Tricky SQL Query

  • --The objective is to compare the Quals in Qual column.

    The stored procedure requires input for multiple students (i.e. @Student).

    Business logic is that if Qual changes then Rollover becomes 1, otherwise 0.

    This means that like in the sample provided:

    For 2011 the Qual was 'HBPP112'. So here Rollover must be 0 (initial Qual).

    For 2012 the Qual changed to 'BACS315'. So here Rollover must be 1.

    For 2013 and 2014 Rollover must be 0 (no Qual change).

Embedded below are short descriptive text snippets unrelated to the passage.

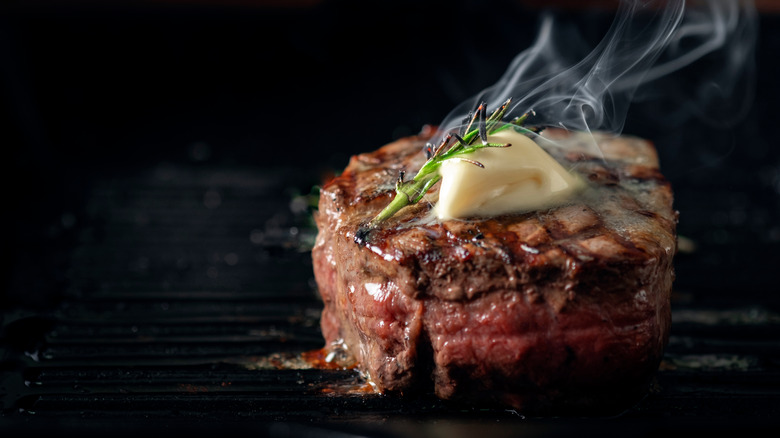Grilled steak with butter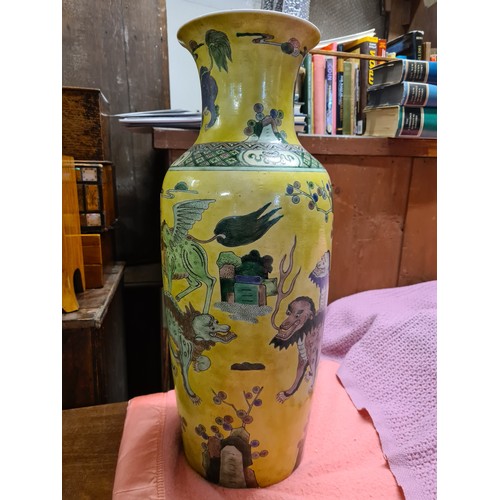 1750 - A good large Chinese vase decorated with stylised lions on a yellow ground, 22.5” high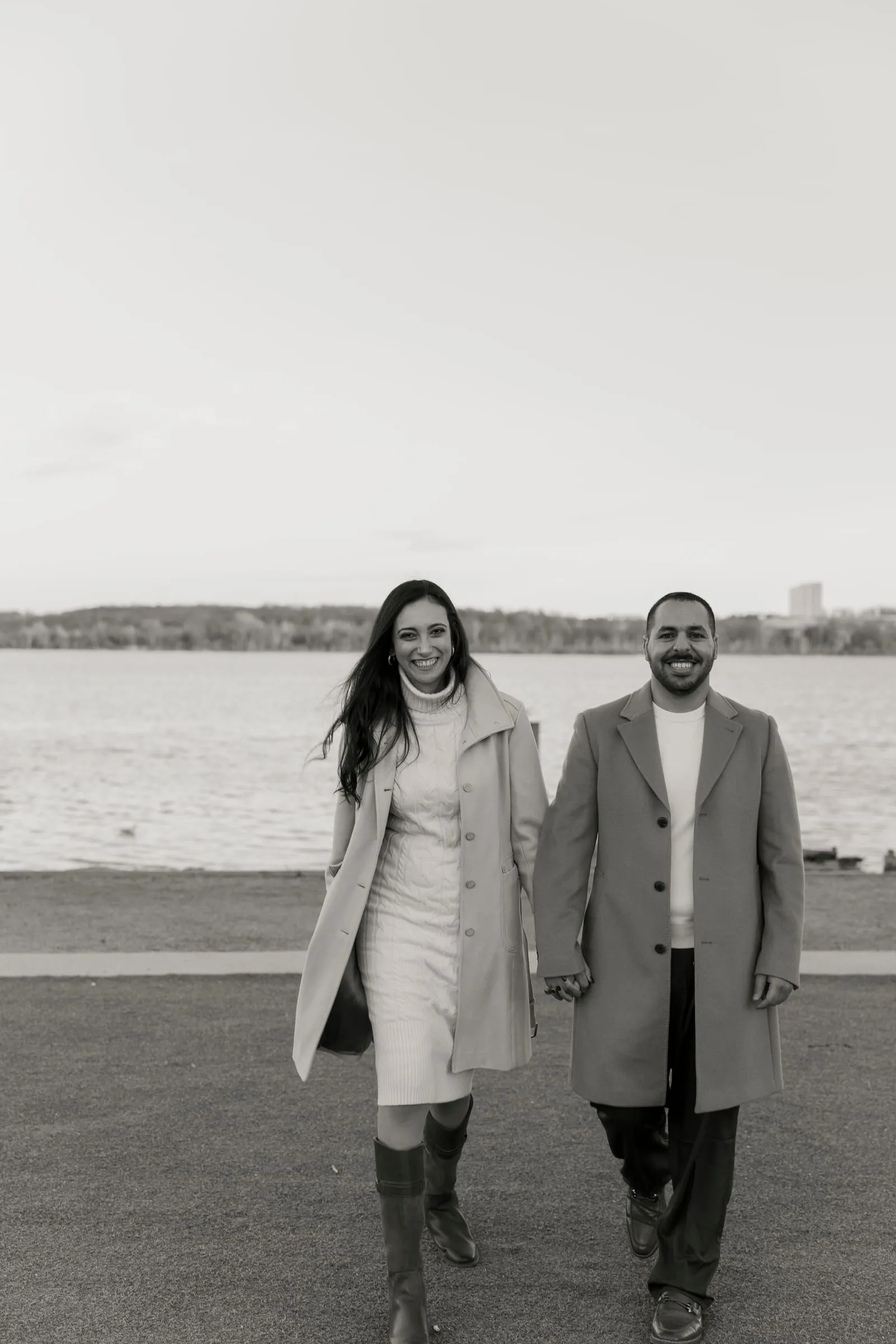 Black and white photo of Abanoub and Merona walking hand in hand along the river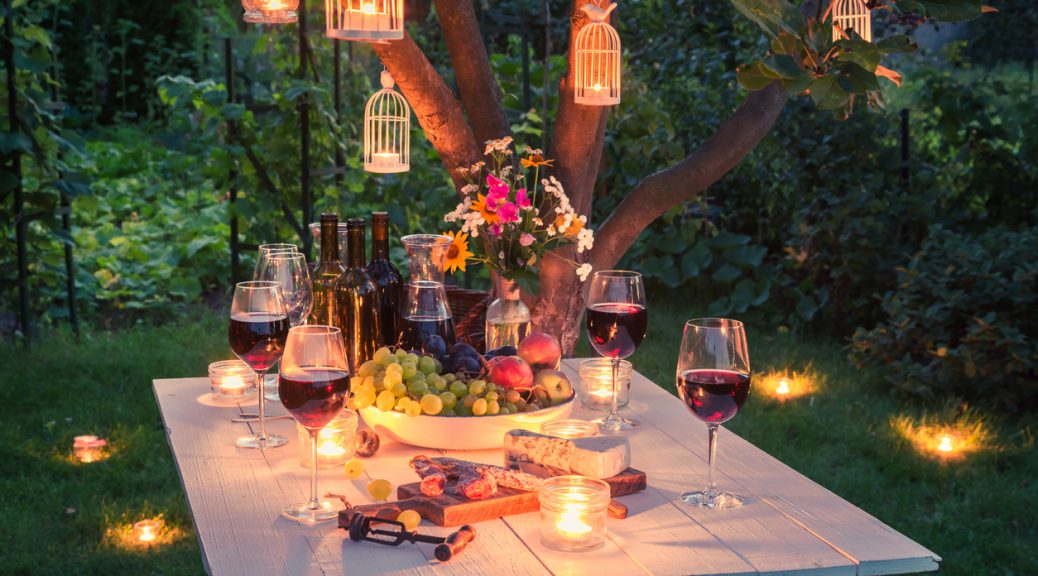 Beautiful table full of cheese and meats in garden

    Solution must cater for multiple StudentUID's, in the below sample I only used 1 StudentUID over 4 years (2011 to 2014), whereas there could be over 100 to 1000 different StudentUID's over 4 to 8 years (2011 to 2018).

    Below is a sample of the data I used:

    CREATE TABLE [dbo].[AAA_Mytable](

    [TermCalendarID] [int] NULL,

    [RegYear] [nvarchar](4) NULL,

    [StudentUID] [int] NULL,

    [Qual] [nvarchar](120) NULL

    ) ON [PRIMARY]

    GO

    INSERT [dbo].[AAA_Mytable] ([TermCalendarID], [RegYear], [StudentUID], [Qual]) VALUES (2, N'2011', 8314, N'HBPP112')

    GO

    INSERT [dbo].[AAA_Mytable] ([TermCalendarID], [RegYear], [StudentUID], [Qual]) VALUES (3, N'2012', 8314, N'BACS315')

    GO

    INSERT [dbo].[AAA_Mytable] ([TermCalendarID], [RegYear], [StudentUID], [Qual]) VALUES (5, N'2013', 8314, N'BACS315')

    GO

    INSERT [dbo].[AAA_Mytable] ([TermCalendarID], [RegYear], [StudentUID], [Qual]) VALUES (6, N'2014', 8314, N'BACS315')

    GO

    INSERT [dbo].[AAA_Mytable] ([TermCalendarID], [RegYear], [StudentUID], [Qual]) VALUES (6, N'2014', 8314, N'BMNG311')

    GO

    INSERT [dbo].[AAA_Mytable] ([TermCalendarID], [RegYear], [StudentUID], [Qual]) VALUES (3, N'2012', 241401, N'SPJMA018')

    GO

    INSERT [dbo].[AAA_Mytable] ([TermCalendarID], [RegYear], [StudentUID], [Qual]) VALUES (5, N'2013', 241401, N'SPJMA018')

    GO

    INSERT [dbo].[AAA_Mytable] ([TermCalendarID], [RegYear], [StudentUID], [Qual]) VALUES (6, N'2014', 241401, N'SBM018')

    GO

    INSERT [dbo].[AAA_Mytable] ([TermCalendarID], [RegYear], [StudentUID], [Qual]) VALUES (6, N'2014', 241401, N'SOPMA018')

    GO

  • Kevin,

    This design worries me. Can you please describe the business problem you're trying to solve? I would be willing to wager that what you're trying to do would be pretty easy with a windowing function, maybe LAG/LEAD, but I don't want to start answering a question I'm not sure I understand.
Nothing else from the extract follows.